LOS ANGELES - The new action movie Eternals features several milestones for Walt Disney Co's blockbuster Marvel universe, from its first deaf and South Asian superheroes to the first gay kiss.
The film arrives in US theatres on Friday (Nov 5) after delays due to the Covid-19 pandemic, and stars actors from around the globe, including Mexico, the United States, Britain, Ireland, South Korea, Lebanon, and India.
Angelina Jolie, who plays a warrior named Thena, said she hopes the diversity "starts to normalise what should have been there in the first place."
"I hope people watch these films in years to come and we don't even think about it as being diverse, it just becomes what's normal and what's right," Jolie told Reuters at the movie's red-carpet premiere in Hollywood.
Eternals tells the story of 10 immortal aliens, never before seen on the big screen, who have been separated for millennia but reunite to fight monstrous creatures known as Deviants.
The filmmakers and cast said it made sense for the Eternals to represent many walks of life.
"These characters have been here since the dawn of civilisation so, of course, they should represent the breadth and beauty of humanity ... It feels very natural," said British-Asian actress Gemma Chan, who plays the central role of Sersi, an Eternal who works at a museum in London.
Among other cast members are Pakistani-American actor Kumail Nanjiani portraying Kingo, the first South Asian hero in a Marvel film, and Mexican-born Salma Hayek who stars as Ajak, the Eternals' leader.
When Brian Tyree Henry who plays Phastos, a master inventor who is gay, kisses his partner as they fear the world might end, audience members at the Hollywood premiere cheered and clapped.

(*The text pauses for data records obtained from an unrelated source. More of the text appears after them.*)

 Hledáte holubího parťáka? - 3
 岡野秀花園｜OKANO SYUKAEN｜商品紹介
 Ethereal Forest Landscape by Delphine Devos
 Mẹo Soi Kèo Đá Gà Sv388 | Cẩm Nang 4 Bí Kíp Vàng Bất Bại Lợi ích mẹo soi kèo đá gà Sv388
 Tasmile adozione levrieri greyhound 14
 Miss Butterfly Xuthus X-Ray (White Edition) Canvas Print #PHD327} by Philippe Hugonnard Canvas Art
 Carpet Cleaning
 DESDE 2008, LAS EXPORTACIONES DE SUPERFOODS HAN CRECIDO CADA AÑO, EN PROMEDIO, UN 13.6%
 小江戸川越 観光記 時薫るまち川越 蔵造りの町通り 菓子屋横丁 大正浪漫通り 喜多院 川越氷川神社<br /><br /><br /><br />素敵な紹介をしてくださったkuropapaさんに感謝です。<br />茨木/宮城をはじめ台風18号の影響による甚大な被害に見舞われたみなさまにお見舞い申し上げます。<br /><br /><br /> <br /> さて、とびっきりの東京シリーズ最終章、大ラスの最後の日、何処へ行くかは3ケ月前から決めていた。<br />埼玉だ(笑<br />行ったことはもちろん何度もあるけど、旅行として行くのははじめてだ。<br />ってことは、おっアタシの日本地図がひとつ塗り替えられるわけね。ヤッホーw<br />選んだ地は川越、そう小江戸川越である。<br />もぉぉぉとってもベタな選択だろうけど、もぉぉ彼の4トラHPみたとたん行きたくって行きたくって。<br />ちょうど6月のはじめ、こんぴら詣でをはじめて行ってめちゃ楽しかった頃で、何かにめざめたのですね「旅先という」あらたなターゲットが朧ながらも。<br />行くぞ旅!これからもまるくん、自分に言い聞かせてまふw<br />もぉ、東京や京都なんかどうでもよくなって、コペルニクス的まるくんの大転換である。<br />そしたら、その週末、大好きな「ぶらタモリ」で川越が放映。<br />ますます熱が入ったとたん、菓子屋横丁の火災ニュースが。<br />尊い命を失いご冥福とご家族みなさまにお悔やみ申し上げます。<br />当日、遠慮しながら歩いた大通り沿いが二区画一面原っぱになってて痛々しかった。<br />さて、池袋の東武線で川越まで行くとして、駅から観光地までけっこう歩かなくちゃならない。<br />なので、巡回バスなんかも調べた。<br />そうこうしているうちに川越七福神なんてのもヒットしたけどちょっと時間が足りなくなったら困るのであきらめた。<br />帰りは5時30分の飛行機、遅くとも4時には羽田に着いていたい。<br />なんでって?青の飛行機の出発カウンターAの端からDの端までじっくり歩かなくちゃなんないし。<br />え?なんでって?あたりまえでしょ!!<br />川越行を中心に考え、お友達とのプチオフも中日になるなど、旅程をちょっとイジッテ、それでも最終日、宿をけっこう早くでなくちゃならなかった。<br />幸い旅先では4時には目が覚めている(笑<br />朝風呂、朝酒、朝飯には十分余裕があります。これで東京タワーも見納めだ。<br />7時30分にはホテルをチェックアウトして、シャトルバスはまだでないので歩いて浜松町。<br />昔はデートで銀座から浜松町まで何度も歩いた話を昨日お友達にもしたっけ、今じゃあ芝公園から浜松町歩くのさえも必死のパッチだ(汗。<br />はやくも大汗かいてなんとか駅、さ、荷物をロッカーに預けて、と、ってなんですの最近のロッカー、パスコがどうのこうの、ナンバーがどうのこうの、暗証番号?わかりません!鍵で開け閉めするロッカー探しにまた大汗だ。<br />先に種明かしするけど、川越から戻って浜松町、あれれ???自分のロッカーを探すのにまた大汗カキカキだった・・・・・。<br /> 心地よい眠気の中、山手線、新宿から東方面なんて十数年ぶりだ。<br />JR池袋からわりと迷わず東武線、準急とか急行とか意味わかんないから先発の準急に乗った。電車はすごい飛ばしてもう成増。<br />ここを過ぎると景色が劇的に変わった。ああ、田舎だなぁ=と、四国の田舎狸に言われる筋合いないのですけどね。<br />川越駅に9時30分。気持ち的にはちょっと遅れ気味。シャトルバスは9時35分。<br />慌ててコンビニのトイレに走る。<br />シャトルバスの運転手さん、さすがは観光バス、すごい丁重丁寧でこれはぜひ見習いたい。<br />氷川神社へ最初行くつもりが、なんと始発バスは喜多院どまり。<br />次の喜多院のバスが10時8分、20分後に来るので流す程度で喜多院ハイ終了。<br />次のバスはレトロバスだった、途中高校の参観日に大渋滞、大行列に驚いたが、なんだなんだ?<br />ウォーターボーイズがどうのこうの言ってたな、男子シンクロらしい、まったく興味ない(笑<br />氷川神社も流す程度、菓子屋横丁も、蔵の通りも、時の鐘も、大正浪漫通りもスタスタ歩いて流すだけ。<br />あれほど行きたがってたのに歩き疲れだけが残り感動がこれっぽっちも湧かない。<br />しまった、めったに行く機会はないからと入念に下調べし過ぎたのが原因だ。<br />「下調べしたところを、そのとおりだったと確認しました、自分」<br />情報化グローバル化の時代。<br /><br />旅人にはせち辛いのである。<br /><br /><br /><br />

"It's truly emotional and you can feel it," said Chinese-born director Chloe Zhao, who won an Oscar this year for Nomadland.
"It's not just a physical kiss. These two people have intense feelings for each other and they're not afraid to show it."
Lauren Ridloff who plays Makkari, the first deaf superhero in a Marvel movie, said she believes filmgoers have grown more accustomed to a diversity of characters on screen.
"We went through the Black Lives Matter movement. We started having conversations about what true representation means, what inclusivity means," she said in American Sign Language. "The timing is perfect."